Cass didn’t have a malicious bone in her body.
But there was one person who had something to gain from this being in the news.
Melanie’s fingers steepled under her chin, eyes narrowed and elbows resting on her desk. It couldn’t have been comfortable with the sharp ends of her manicured nails cutting into her skin. But it looked good.
At the end of the day, that’s what it always was about. What looked good.
All he could do was hope he looked as half as composed as his boss. Even if it felt like his guts were going to invert themselves onto the imported Persian rug under his feet.
Josh leaned forward in his chair, squaring his shoulders. “We agreed. No PR stunts.”
“It wasn’t a stunt. It was a strategy.”
“A strategy that no one agreed to.”
His stomach twisted in knots. His entire life, he’d avoided confrontations like this. The only way he’d lasted in law as long as he had was by snorting courage and drinking numbness.
And here he was, sober as a—well, sober as a judge—telling the woman who held his career in her hands that he wouldn’t accept it.
An exasperated expression crossed her face. “Scandal works. You think I wanted to show my tits on live streaming?”
“But you made that choice for yourself.Now your choices are affecting our film,” he said, throwing her words back at her.
“It might be our film, but it’s my money.”

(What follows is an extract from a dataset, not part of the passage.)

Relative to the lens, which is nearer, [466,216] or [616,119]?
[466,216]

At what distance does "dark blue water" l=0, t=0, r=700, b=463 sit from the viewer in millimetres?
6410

“And it’s my team.” Josh tossed the printouts of photos onto her desk. Dawson and Cass. Him and Brynne. “No one agreed to this.”
Melanie gave a contemptuous shake of her head. “No one agrees to this. Once you reach a certain level of fame, you’re under a microscope. I love my husband, but you don’t think every headline that speculates when he’s trading me in for Mrs. Westwood Number Six doesn’t hurt? And you don’t think Brynne will be roasted every time she leaves the house with a zit? Do you think Dawson will get a choice if he’s on some random ‘Southern Gentlemen I Want to Bang’ top ten list?” A rough scoff escaped her throat. “It’s never ending, and if I’ve learned anything in this industry, it’s that you have to grow a thick skin if you want to get anywhere.”
“You’re right. The outside world is a piece of shit. We can’t control what happens outside these walls. But we can do everything we can to give people a safe space within them.” He willed his voice to remain level. “I promised Brynne a closed set. She was in tears when the photos of us showed up online. It took me hours to convince her to come out of her trailer. You made her feel unsafe, and you made me break my word.”
Cass had taught him that. To take care of his team. Even if that meant putting himself between his team and the threat. Fuck, like Dawson had, stepping between him and the grips. To stand up for the people who didn’t have the power.
For the first time, Melanie looked unsure. “She’ll get over it.”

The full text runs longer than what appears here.